Ghanaian musicians who attended the launch of this year’s Vodafone Ghana Music Awards last Saturday commended the former president of the Musicians Union of Ghana [MUSIGA] for his hard work and commitment during his eight years of leadership which earned the music industry a great success.
The musicians who were spotted shaking hands with the former MUSIGA president said they were happy to see him at the launch and commended him for his contribution towards the progress of the music industry in Ghana.
They hinted that Alhaji Sidiku Buari, also the former president of the International Federation of Musicians (FIM), deserved an award in recognition of his contribution towards the building of a vibrant music industry in Ghana.
The musicians said they recognized Sidiku Buari for the initiative during his term of office which provided opportunities for musicians to get maximum benefits from FIM with regard to capacity building. They noted that through his encouragement, today, musicians and stakeholders in Ghana were enjoying duty free on imported musical instruments.
According to them, Sidiku Buari could also be credited for the re-emergence of live-band music in Ghana. The musicians were of the view that during his administration, all was well among the players in the music industry and the musicians were not left out as they were made to take part in every activity organized by the stakeholders.
They noted that the music industry in Ghana needed the likes of Sidiku Buari, who has the music industry and the welfare of the musicians at heart, to assist in running the day to day affairs of the industry.
Based on his achievements in the Ghanaian music industry, the International Federation of Musicians (FIM), last September honoured him for his meritorious contribution to the development of music in Africa at a ceremony held in South Africa.
In a citation accompanying the award, the federation described Alhaji Sidiku Buari as a dedicated and committed musician who helped tremendously in transforming the music industry in Africa.
In an interview with BEATWAVES, Sidiku Buari appealed to the record companies to invest in Ghanaian musicians, saying there were many talents in Ghana who could match any around the world.

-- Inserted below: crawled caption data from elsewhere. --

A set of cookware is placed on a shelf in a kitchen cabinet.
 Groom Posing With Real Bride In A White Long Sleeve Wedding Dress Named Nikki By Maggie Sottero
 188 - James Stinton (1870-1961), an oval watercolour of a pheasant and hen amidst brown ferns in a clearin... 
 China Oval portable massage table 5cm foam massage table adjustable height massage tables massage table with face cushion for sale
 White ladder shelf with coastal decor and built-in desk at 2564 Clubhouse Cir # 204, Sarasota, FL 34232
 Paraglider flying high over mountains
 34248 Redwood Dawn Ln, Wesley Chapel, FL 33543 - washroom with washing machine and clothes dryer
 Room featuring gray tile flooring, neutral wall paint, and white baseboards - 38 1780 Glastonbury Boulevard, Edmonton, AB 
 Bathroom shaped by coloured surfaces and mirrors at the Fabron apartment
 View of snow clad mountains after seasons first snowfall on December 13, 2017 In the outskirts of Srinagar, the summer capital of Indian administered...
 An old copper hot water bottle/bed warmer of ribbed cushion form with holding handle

He noted that difficulty in enforcing laws against piracy of music in Ghana was a serious canker, adding that pirated versions of creative works covered at least 60 percent of the market and in West Africa, the figure could be as high as 90 percent.
Sidiku Buari declared that lack of enforcement of copyright laws had empowered the pirates, who were better organised and more successful than the victims and perhaps acted in concert with the public enforcement agencies.
He said in most African countries, the ineffective enforcement of copyright laws had led to a host of other unintended consequences including pushing the production of African music out of the continent. For example, in the late 1980′s, most legitimate music businesses in Ghana, including production houses and record factories, were shut down due to competition from pirates.